[Given entries Boundary: Start]

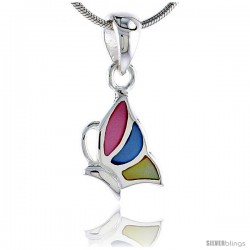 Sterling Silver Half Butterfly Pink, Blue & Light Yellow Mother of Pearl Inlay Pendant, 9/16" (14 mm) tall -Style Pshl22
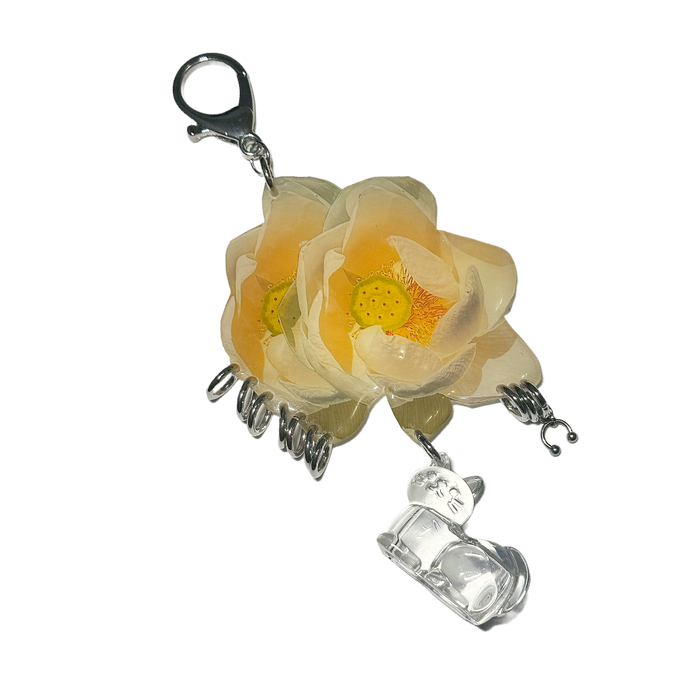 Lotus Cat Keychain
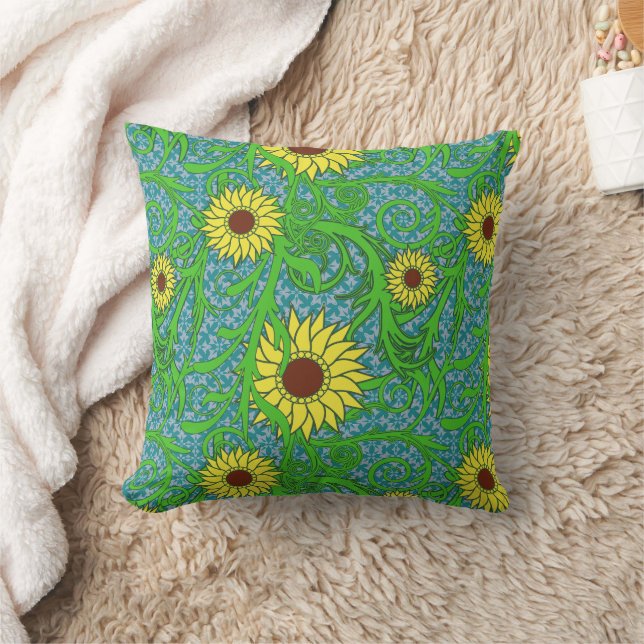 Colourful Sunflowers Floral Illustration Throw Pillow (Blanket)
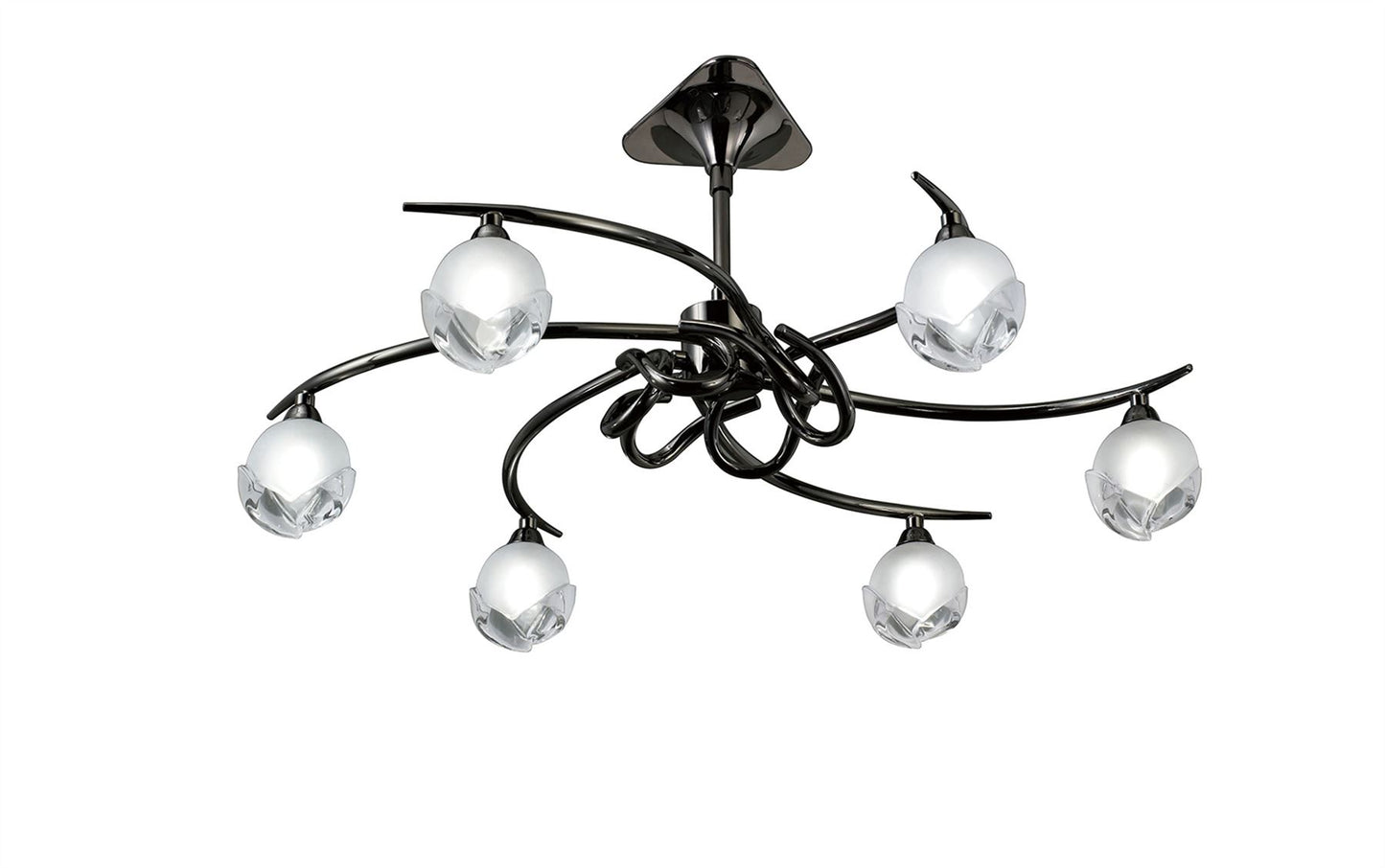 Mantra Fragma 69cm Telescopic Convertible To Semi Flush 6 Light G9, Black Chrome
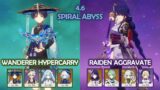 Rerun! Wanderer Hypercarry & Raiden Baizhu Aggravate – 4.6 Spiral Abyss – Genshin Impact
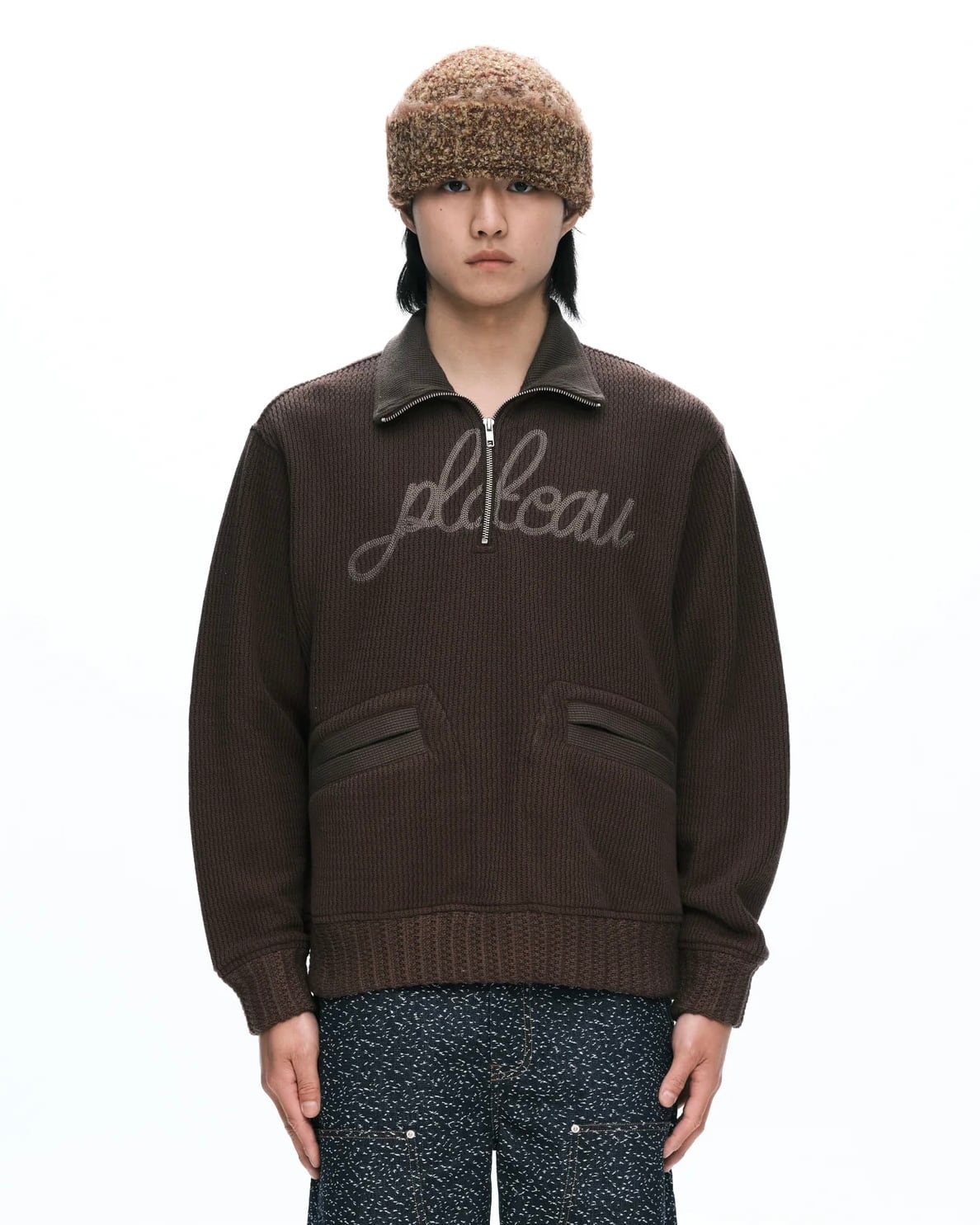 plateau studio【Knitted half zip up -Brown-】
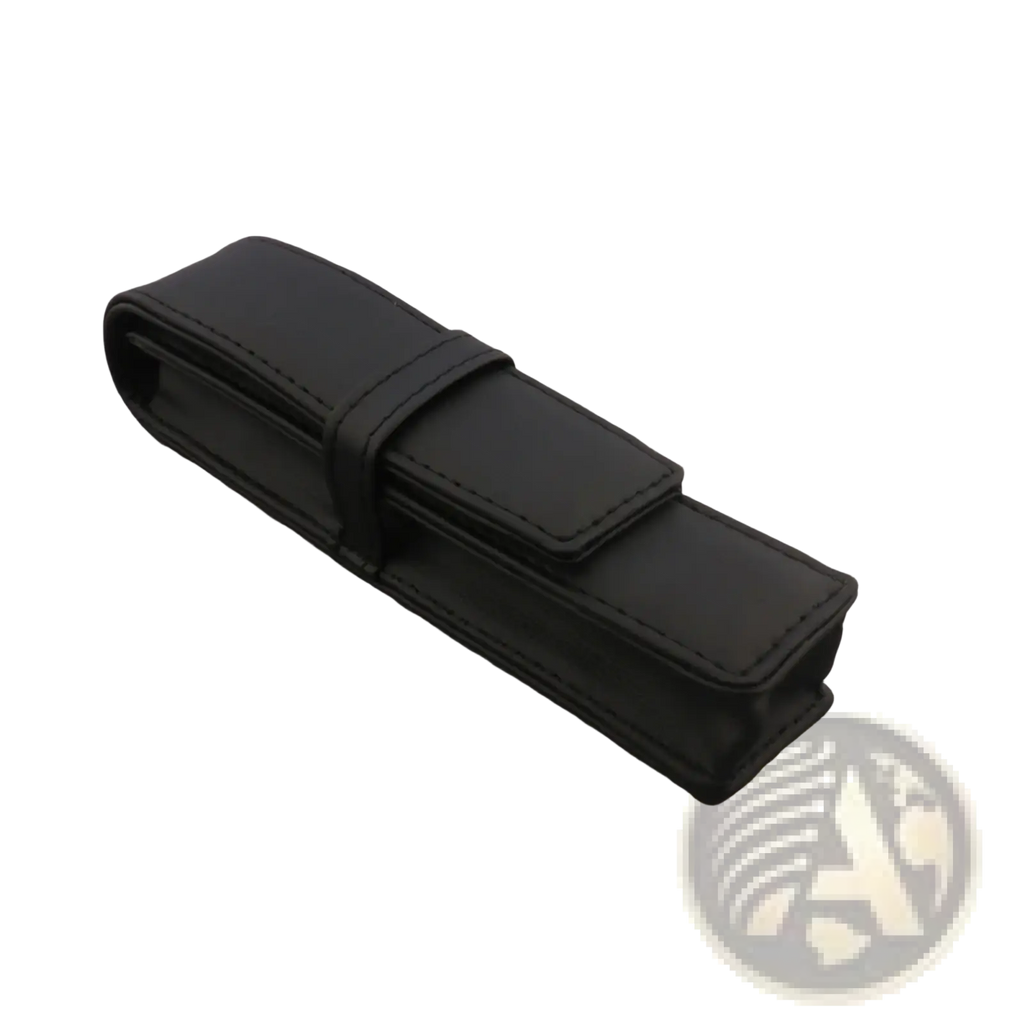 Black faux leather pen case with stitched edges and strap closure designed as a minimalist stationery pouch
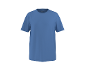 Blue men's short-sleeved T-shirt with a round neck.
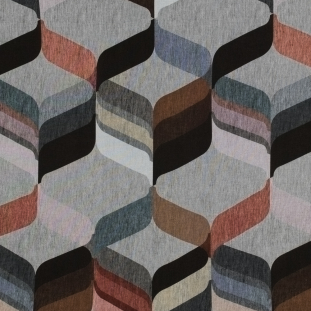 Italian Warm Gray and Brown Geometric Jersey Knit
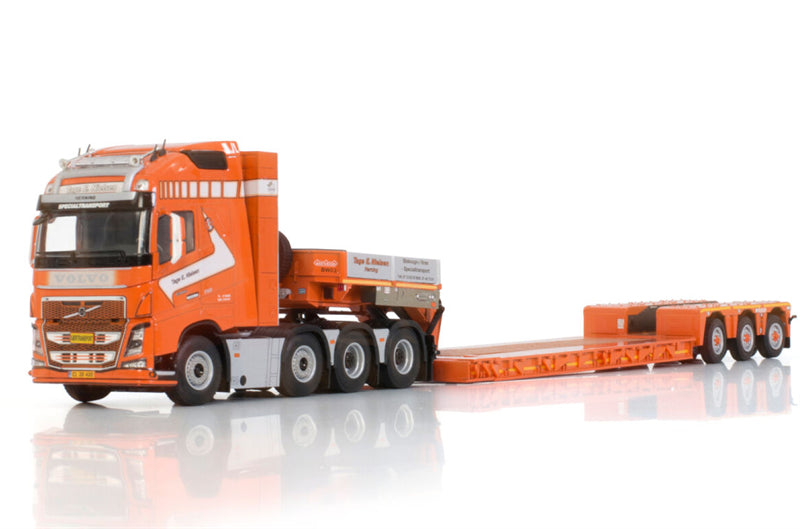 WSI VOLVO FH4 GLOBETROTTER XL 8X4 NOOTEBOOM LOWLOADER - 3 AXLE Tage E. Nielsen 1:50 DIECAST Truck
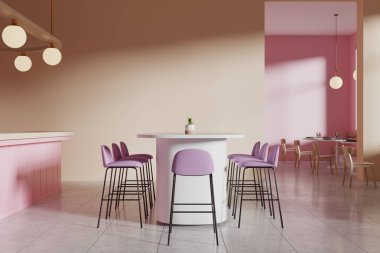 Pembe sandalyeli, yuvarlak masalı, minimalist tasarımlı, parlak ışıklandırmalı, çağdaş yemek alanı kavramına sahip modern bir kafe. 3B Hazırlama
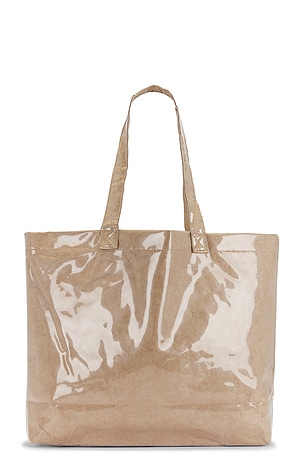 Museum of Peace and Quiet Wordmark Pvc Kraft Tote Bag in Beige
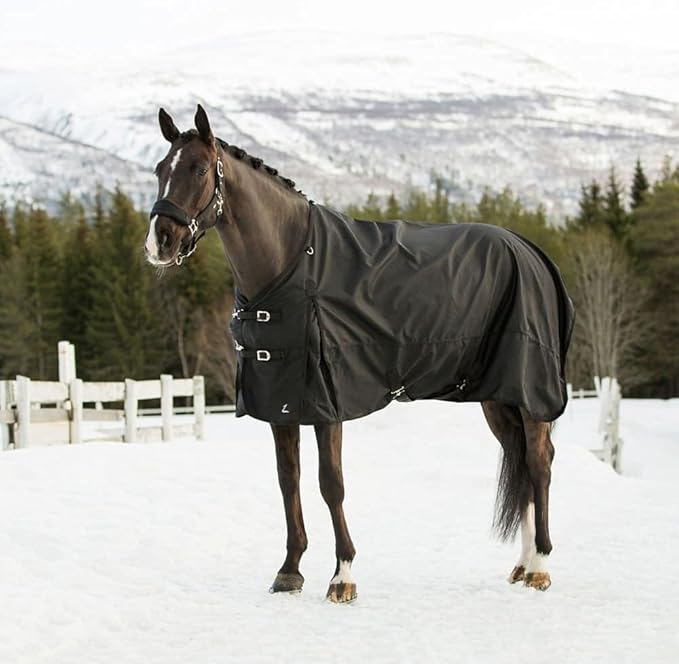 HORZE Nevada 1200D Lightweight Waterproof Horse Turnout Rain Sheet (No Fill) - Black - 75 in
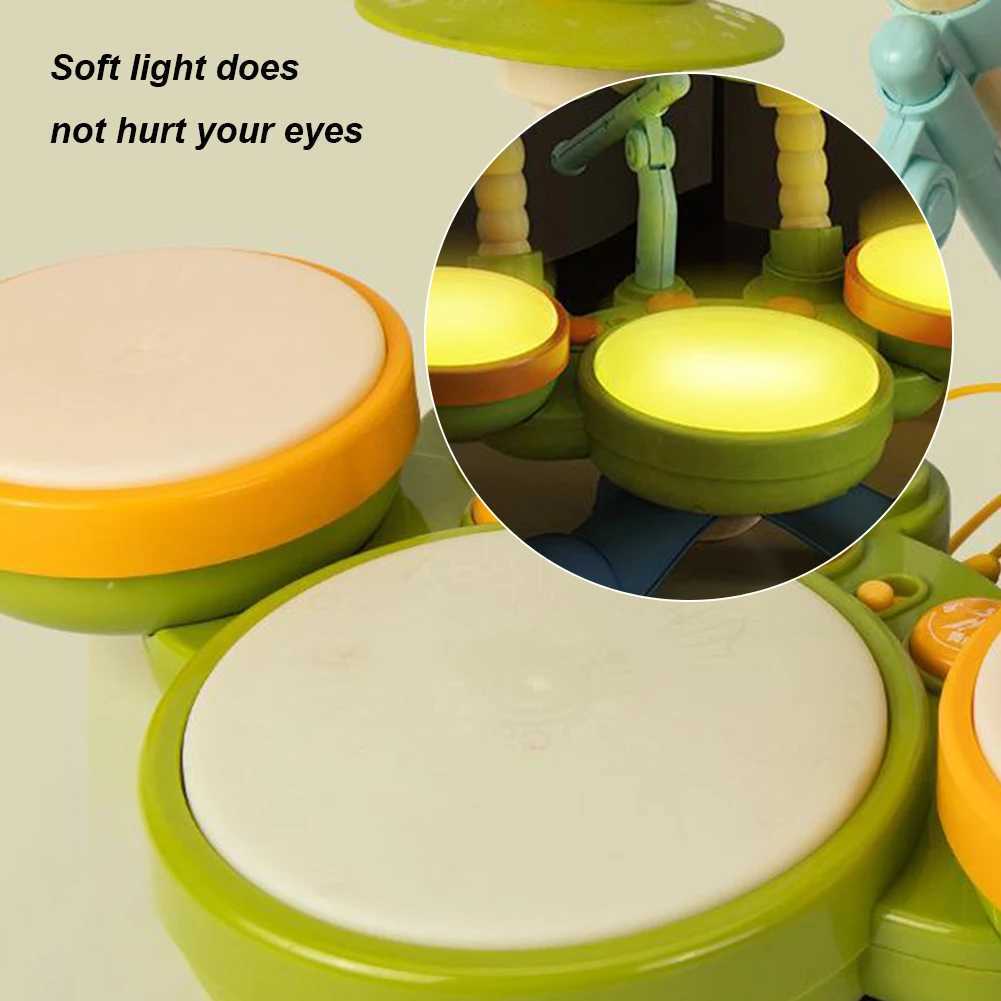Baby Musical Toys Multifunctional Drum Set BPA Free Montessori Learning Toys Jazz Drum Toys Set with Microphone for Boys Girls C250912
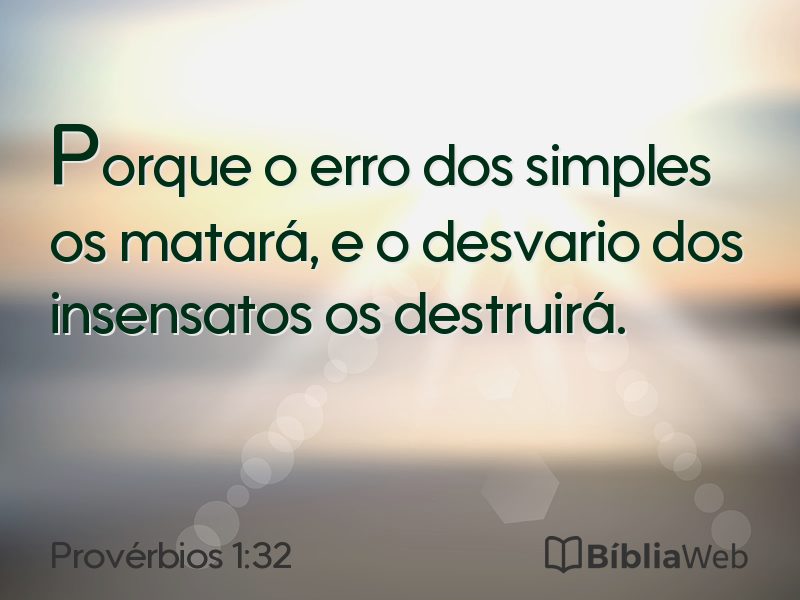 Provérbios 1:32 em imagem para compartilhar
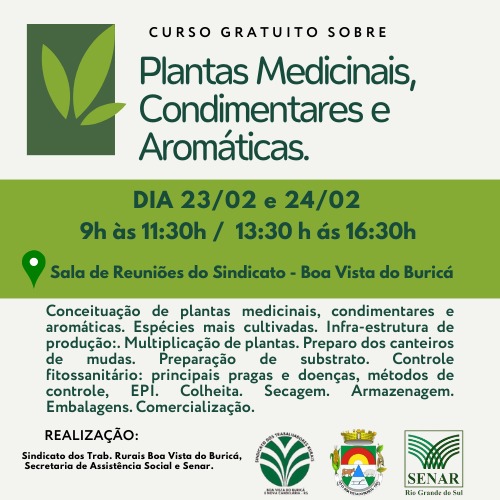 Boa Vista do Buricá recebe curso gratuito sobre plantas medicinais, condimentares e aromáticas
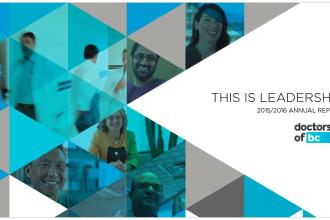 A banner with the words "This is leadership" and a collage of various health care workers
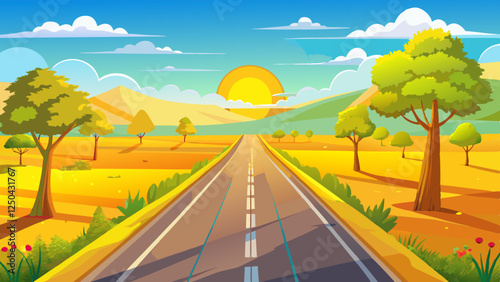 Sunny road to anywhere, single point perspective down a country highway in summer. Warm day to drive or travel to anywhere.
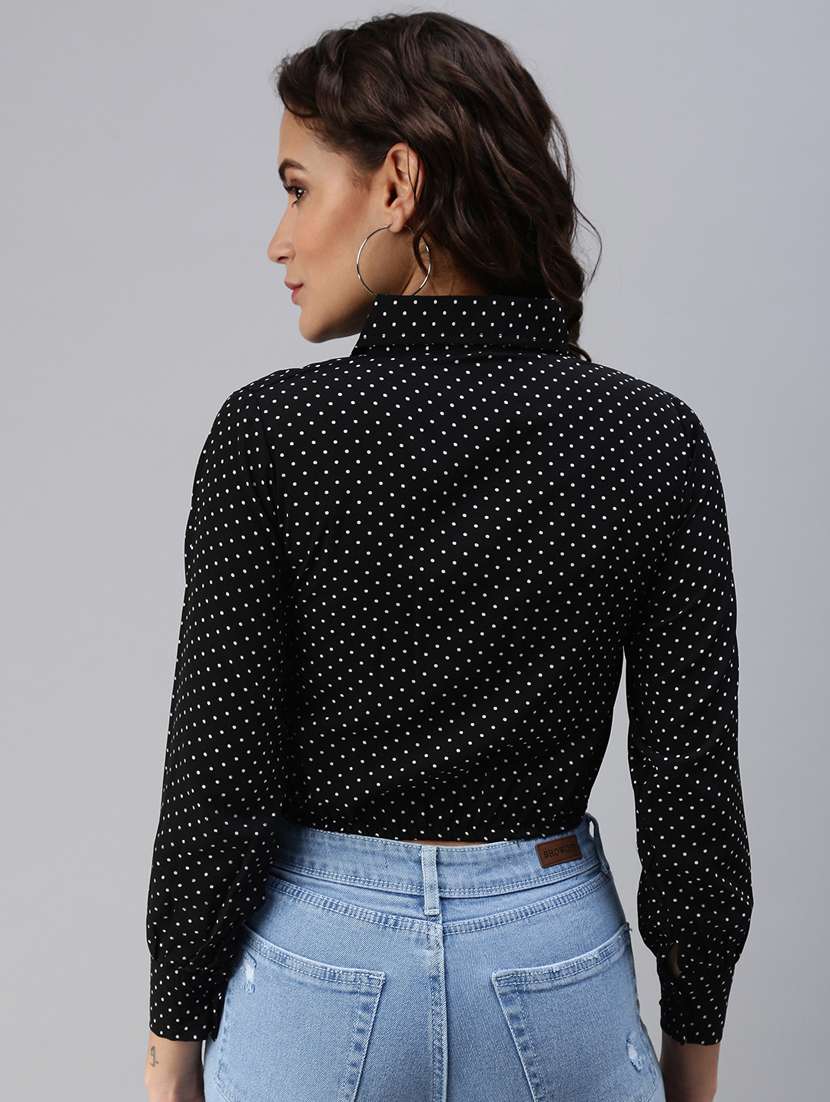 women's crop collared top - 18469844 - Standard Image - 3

[Given entries Boundary: End]

» Problem requirements: Transcribe every entry word for word, excluding images.

» Exercise response:
 Sterling Silver Half Butterfly Pink, Blue & Light Yellow Mother of Pearl Inlay Pendant, 9/16" (14 mm) tall -Style Pshl22
 Lotus Cat Keychain
 Colourful Sunflowers Floral Illustration Throw Pillow (Blanket)
 Mantra Fragma 69cm Telescopic Convertible To Semi Flush 6 Light G9, Black Chrome
 Rerun! Wanderer Hypercarry & Raiden Baizhu Aggravate – 4.6 Spiral Abyss – Genshin Impact
 plateau studio【Knitted half zip up -Brown-】
 Black faux leather pen case with stitched edges and strap closure designed as a minimalist stationery pouch
 Blue men's short-sleeved T-shirt with a round neck.
 Italian Warm Gray and Brown Geometric Jersey Knit
 WSI VOLVO FH4 GLOBETROTTER XL 8X4 NOOTEBOOM LOWLOADER - 3 AXLE Tage E. Nielsen 1:50 DIECAST Truck
 Pembe sandalyeli, yuvarlak masalı, minimalist tasarımlı, parlak ışıklandırmalı, çağdaş yemek alanı kavramına sahip modern bir kafe. 3B Hazırlama
 Museum of Peace and Quiet Wordmark Pvc Kraft Tote Bag in Beige
 HORZE Nevada 1200D Lightweight Waterproof Horse Turnout Rain Sheet (No Fill) - Black - 75 in
Baby Musical Toys Multifunctional Drum Set BPA Free Montessori Learning Toys Jazz Drum Toys Set with Microphone for Boys Girls C250912
 Provérbios 1:32 em imagem para compartilhar
 Boa Vista do Buricá recebe curso gratuito sobre plantas medicinais, condimentares e aromáticas
 A banner with the words "This is leadership" and a collage of various health care workers
 Sunny road to anywhere, single point perspective down a country highway in summer. Warm day to drive or travel to anywhere.
 women's crop collared top - 18469844 - Standard Image - 3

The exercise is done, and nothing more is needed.